Howey Test And ICO Regulation In US
The Howey test is used to determine whether a transaction qualifies as an investment contract. Today, it also applies to investing in cryptocurrency. If a certain agreement is considered as an investment contract, The Securities Act of 1933 enters into force. As securities, investment contracts must be registered with the SEC. Today, the SEC is also responsible for the cryptocurrency market regulation in the United States. So when it comes to the ICO regulation, the Howey test is also aimed to define the nature of digital assets.
The Howey Test Background
The Howey test was created by the Supreme Court of the United States in 1946. The precedent was set by the legal proceeding between the SEC and W.J. Howey Co., an agricultural farm that offered leaseback agreements. Half of the company’s lands were sold to non-agrarian people who were supposed to lease these lands back to The Howey Company. The agreement assumed that the owners' profit entirely depends on the harvest received by the firm.
The Securities and Exchange Commission considered the agreement an investment contract. The reason was the passive interest of nominal owners: their profits didn't depend on their actions but on the actions of the third party. The SEC decided that The Howey Company violated the law by not registering the transaction. This was the reason for the lawsuit.
The further trial in the District and then in the Supreme Court led to the need to create a test that would help to avoid such situations in the future. The Howey Company lost that case, but its name became well known throughout the US.
How is the Howey test applied?
The Howey test consists of four basic blocks of questions that determine the following conditions:
- Is there a fact of investment?
- Do investors expect an investment profit?
- Is the investment a common enterprise?
- Does the profit depend on the actions of a third party?
Each answer is rated at a certain number of points, from -100 to 100. Then the points are added up. The more points in the end, the higher chanсes that an investor acquires a security by investing money. This means that the company must register all transactions with the SEC. The registration involves the provision of information about the management of the company and independent financial statements. Also the company must provide a description of its business model, in which it offers a deal to investors.
Initially, an investment was interpreted as referring to money. But later, other types of assets were recognized, too. Now the Howey test is also used to assess digital assets — ICO tokens. The test determines whether the crowdsale can work in the US legal terrain. The American ICO market is the largest in the world and the most demanding from the legal point of view.
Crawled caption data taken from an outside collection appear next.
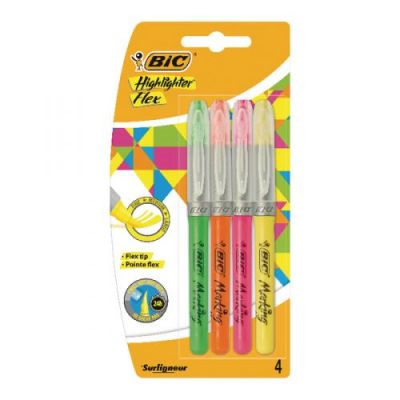 Bic Fırça Uçlu Marking Highlighter Flex 4lü Blister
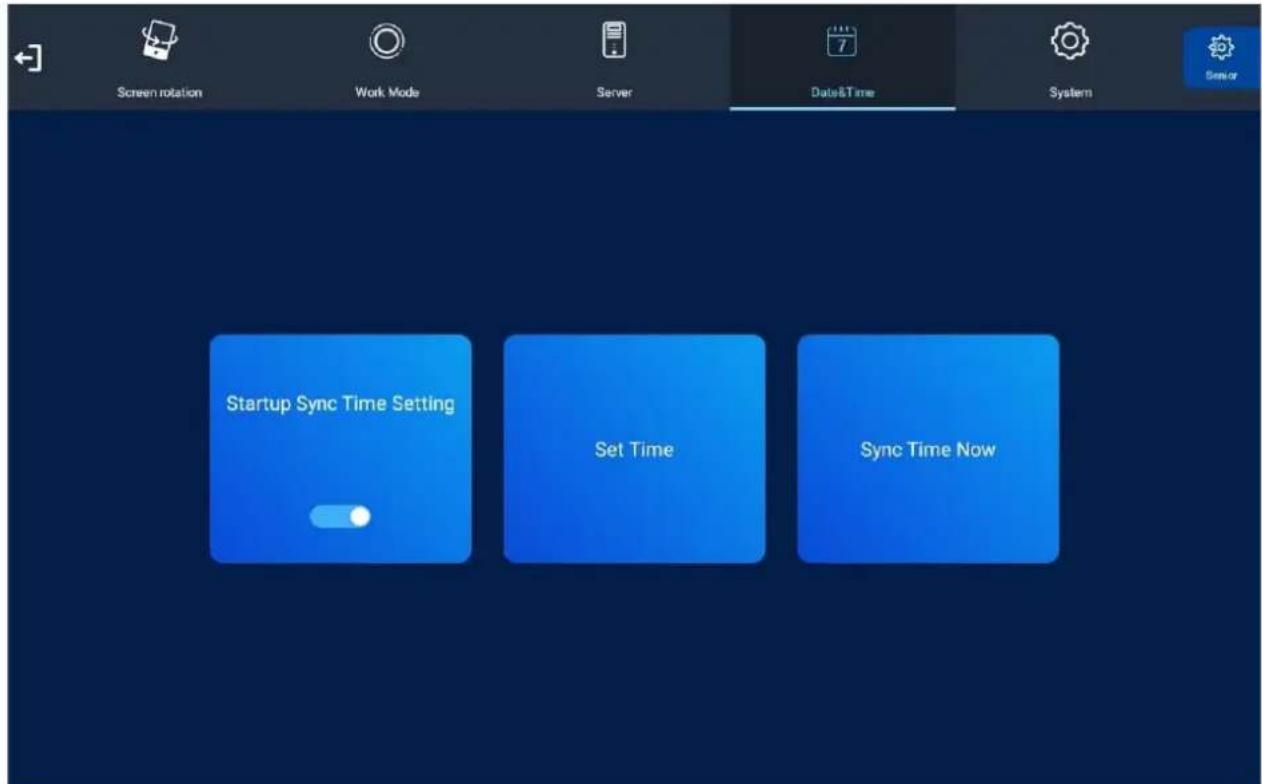Screen rotation Work Mode Server Date&Time System Senior Startup Sync Time Setting Set Time Sync Time Now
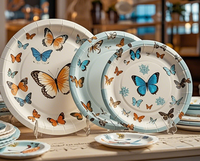 Assiettes jetables biodégradables Matière première Plats en papier Fournitures de fête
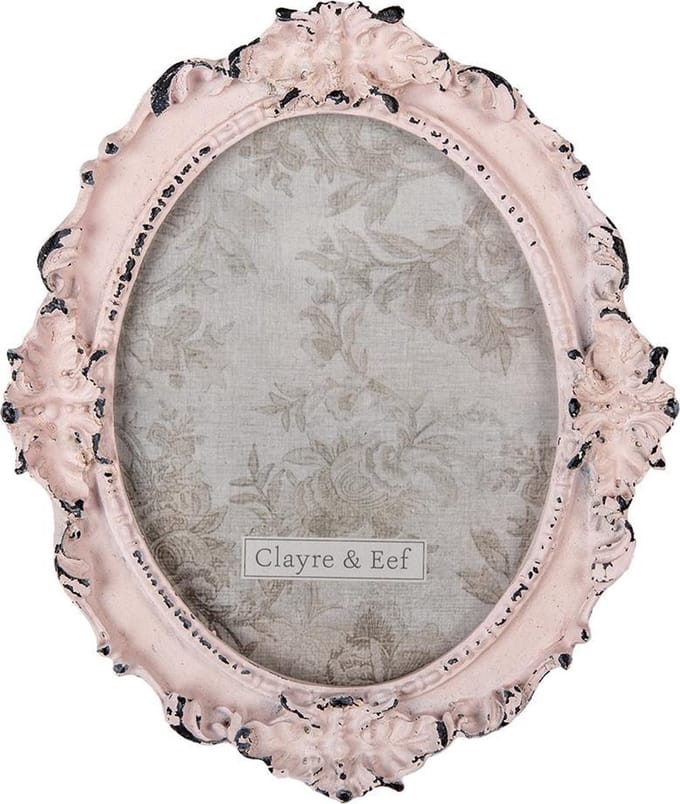 Clayre & Eef Fotolijst 12x15 cm Roze Polyresin Bloemen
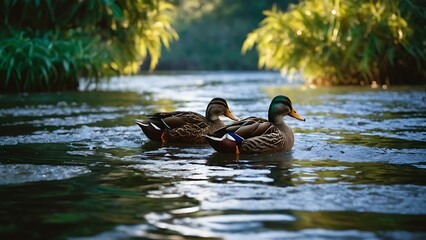 Cute ducks is in nature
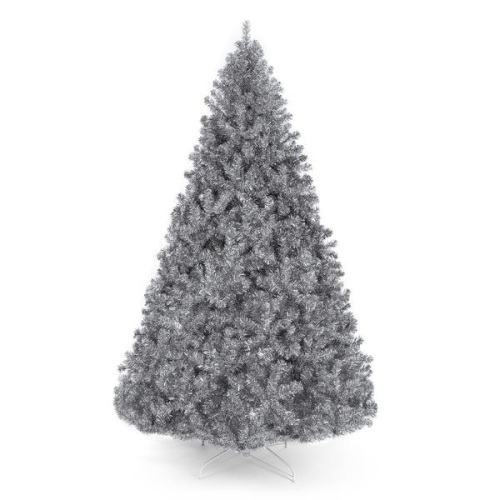 Silver 6 Foot Tall Artificial Tinsel Christmas Tree w/ Foldable Stand, Silver. Appears New.   - Lot 254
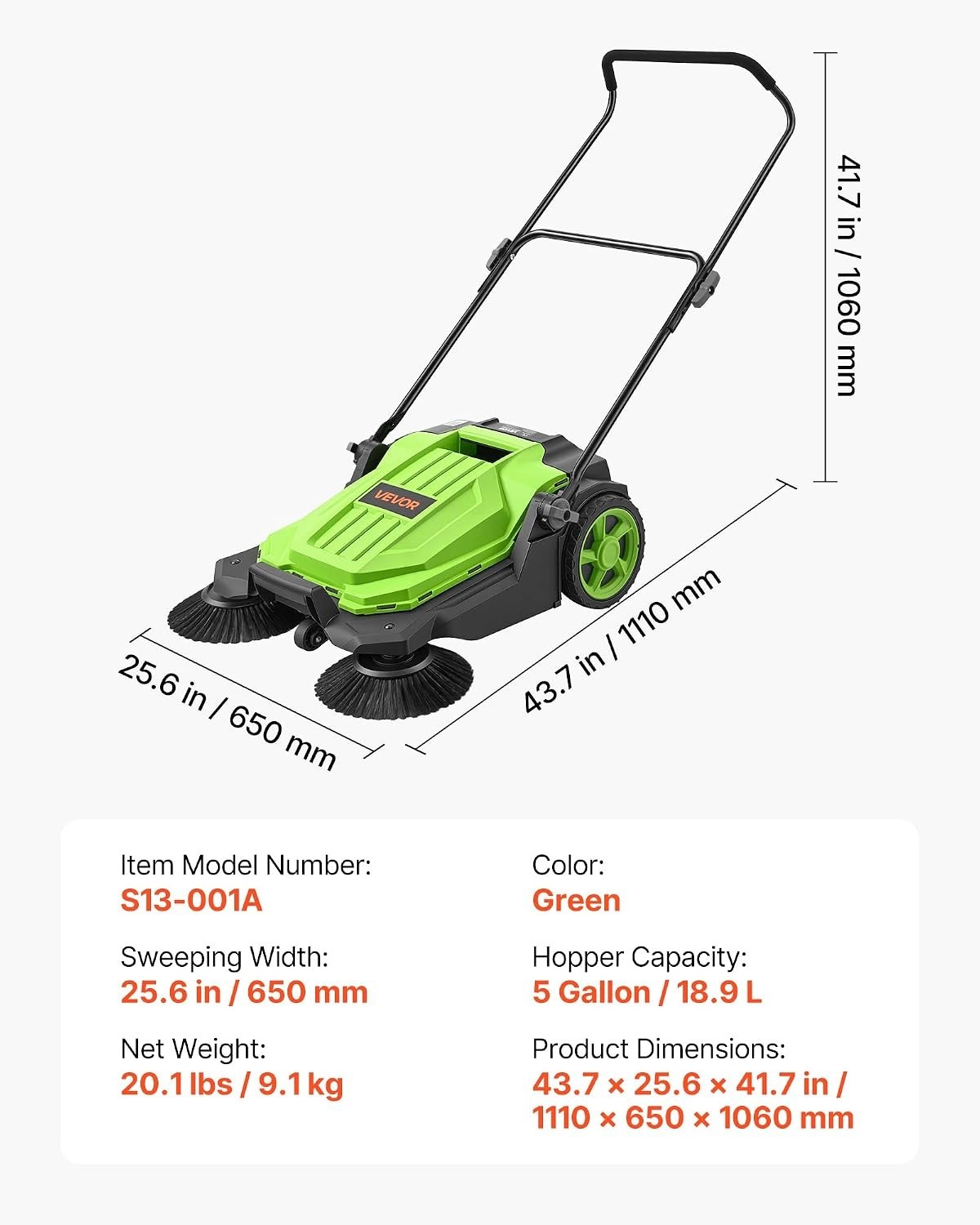 Pro Floor Sweeper, Manual Push, 25.6″ Wide, 5 Gal Bin, Ergonomic Folding Handle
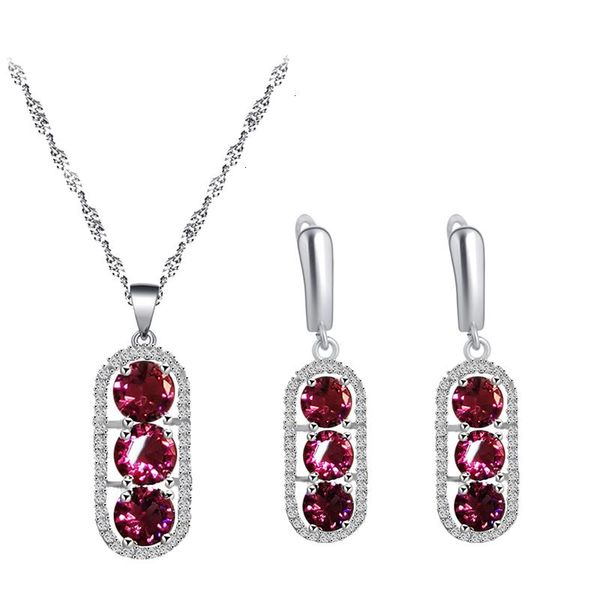 

earrings & necklace fashion 925 silver rose red zircon pendant jewelry set classic party gift js847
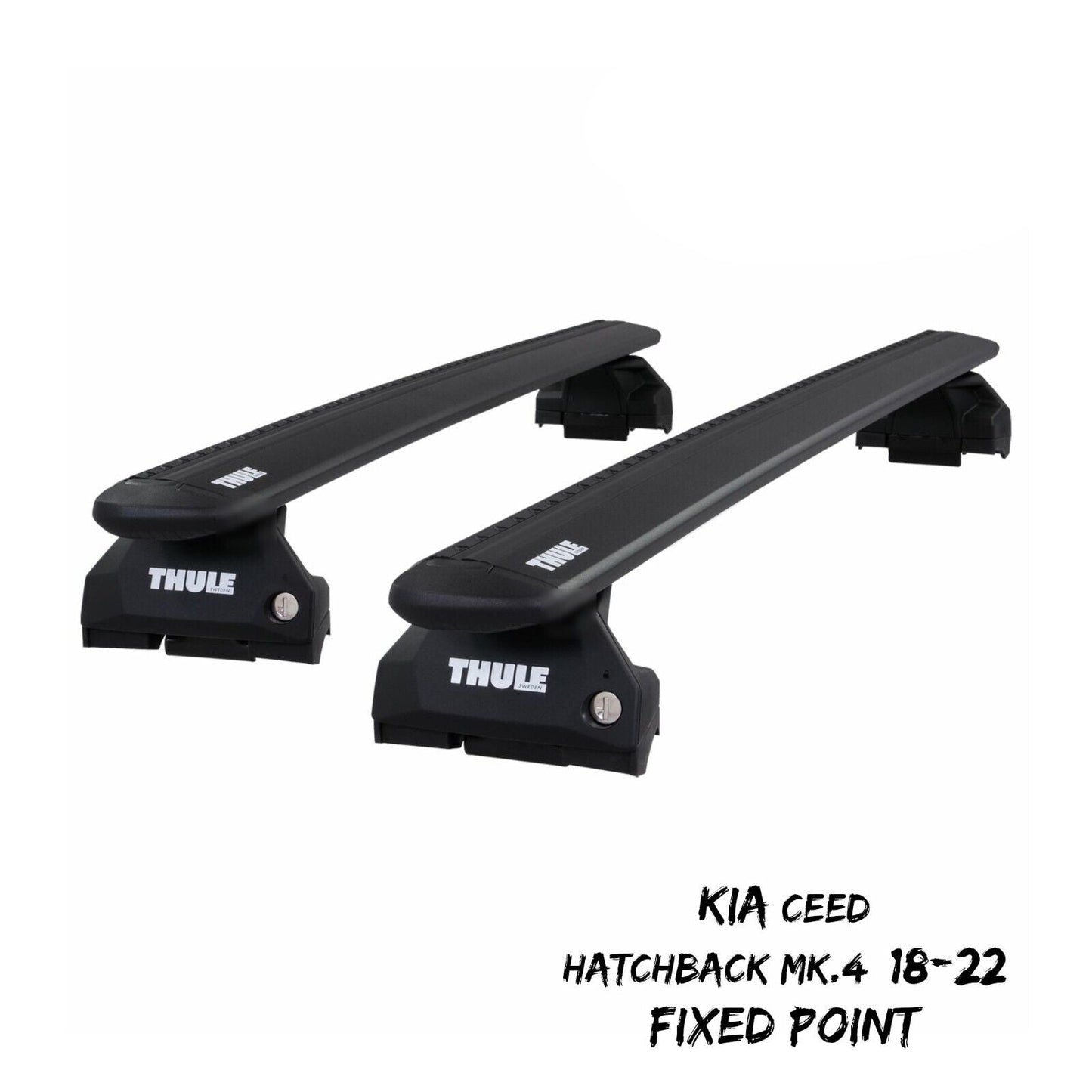 Thule WingBar Evo Black Roof Bar Set for Kia Ceed Hatchback Mk.4 18-22 Fixpoints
The Howey test was somewhat modified for the ICO regulation.
There are several types of tokens that can be purchased during an ICO campaign, but only a part of them can be considered securities. There were cases when companies tried to disguise securities to avoid registering transactions with the SEC. However, the Howey test was created precisely to show the very nature of contracts, regardless of what it is called. Therefore, the SEC examines each case on its individual merits. That is why some companies prefer not to work with the US market at all.